「黄泉の国」の解釈


●読み下し文

 最後(いやはて)にその妹伊邪那美命(いざなみのみこと)、身自(みづか)ら追ひ来たりき。ここに千引(ぢびき)の石(いは)をその黄泉比良坂(よもつひらさか)に引き塞(さ)へて、その石を中に置きて、各對(おのおのむか)ひ立ちて、事戸(ことど)を渡す時、伊邪那美命(いざなみのみこと)言ひしく、「愛(うつく)しき我が汝夫(なせ)の命(みこと)、かく為(せ)ば、汝(いまし)の國の人草(ひとくさ)、一日(ひとひ)に千頭絞(ちがしらくび)り殺さむ」といひき。ここに伊邪那岐命(いざなぎのみこと)詔(の)りたまひしく「愛(うつく)しき我が汝妹(なにも)の命(みこと)、汝然為(いまししかせ)ば、吾一日(あれひとひ)に千五百(ちいほ)の産屋(うぶや)を立てむ」とのたまひき。ここをもちて、一日(ひとひ)に必ず千人死(ちたり)に、一日(ひとひ)に必ず千五百ちいほたり生まるるなり。故(かれ)。その伊邪那美命(いざなみのみこと)を號けて黄泉津大神(よもつおほかみ)と謂ふ。また云はく、その追ひしきしをもちて、道敷大神(ちしきのおほかみ)と號(なづ)くといふ。またその黄泉の坂に塞りし石は、道敷大神(ちしきのおほかみ)と號(なづ、また塞(さや)ります黄泉戸大神(よみどのおおかみ)とも謂ふ。故(かれ)、その謂はゆる黄泉比良坂(よもつひらさか)は、今、出雲國(いづのもくに)の伊賦夜坂(いふやさか)と謂ふ。

●現代文

 最後に伊邪那美命が、自ら追ってきました。そこで伊邪那岐命は千人引き程の大きな岩を黄泉比良坂に置いて、その出入り口を塞いでしまいました。

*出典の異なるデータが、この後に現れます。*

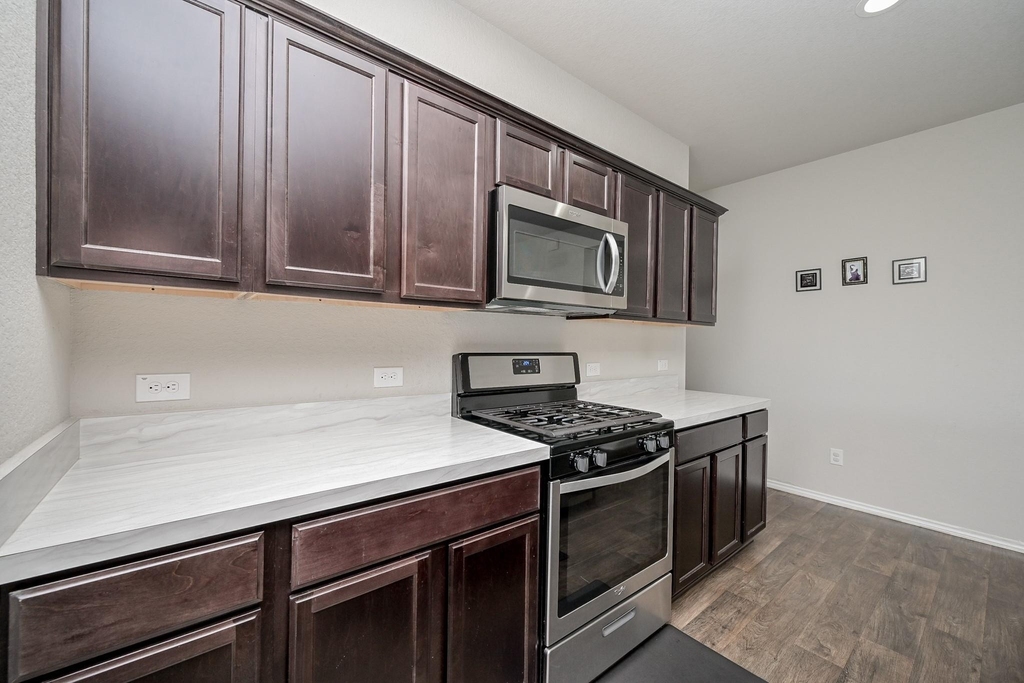 20819 Medford Landing Lane - Photo 6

 伊邪那岐命と伊邪那美命はその岩を挟んで別れの言葉を交わしました。

 伊邪那美命は伊邪那岐命に対し「愛(うつく)しい我が夫よ、あなたが私にこのような仕打ちをなさるならば、私はこの世の人々を、一日に千人殺します」と。それに対して伊邪那岐命は「愛(うつく)しい我が妻よ、おまえがそのようなことをするのならば、私は一日に千五百人の子を誕生させよう」と言い返しました。

 このことから人代では、一日に千人の人が死に、一日に千五百人の人が生まれるようになったのです。このようなことから伊邪那美命を黄泉津大神とも言います。また伊邪那岐命に追いついたことからまたの名を道敷大神とも謂われます。

 さらに黄泉の坂を塞いだ岩を道反之大神と謂い、またの名を黄泉戸大神とも謂われます。

 そして、黄泉比良坂は、今の島根県(出雲の國)にある伊賦夜坂というところです。

古代日本人の生死観

 桃の実の「いのちの力」によって黄泉の国の追っ手から逃れた伊邪那岐命は、最後に追ってきた伊邪那美命に対しても千引の岩で生と死の間を遮断し、全ての死神をふり祓たのです。このようにして伊邪那岐命は、死の国である黄泉の世界から解放されたのです。

 この部分は人の生と死の起源を説明したところだと言われています。

 人の生と死は自らの心の中にあります。決して心の外に生死があるのではないのです。生死の心を作っているのは、私たち自身の自我や分別の異心です。したがって、死神に私たちの心を奪われてはならないのです。いついかなる時であっても天つ神から賜った生命力に満ちあふれた清らかな心を守っていくことが大切だと先生はおしゃっています。

 おそらく古代の日本人は、直感でこのことが解っていたのではないでしょうか。つまり、私たちは死によって肉体は消えますが、霊魂(たましい)は決して消滅することなく生き続けるものだと。

 それが古代日本人の生死観だったのではないでしょうか。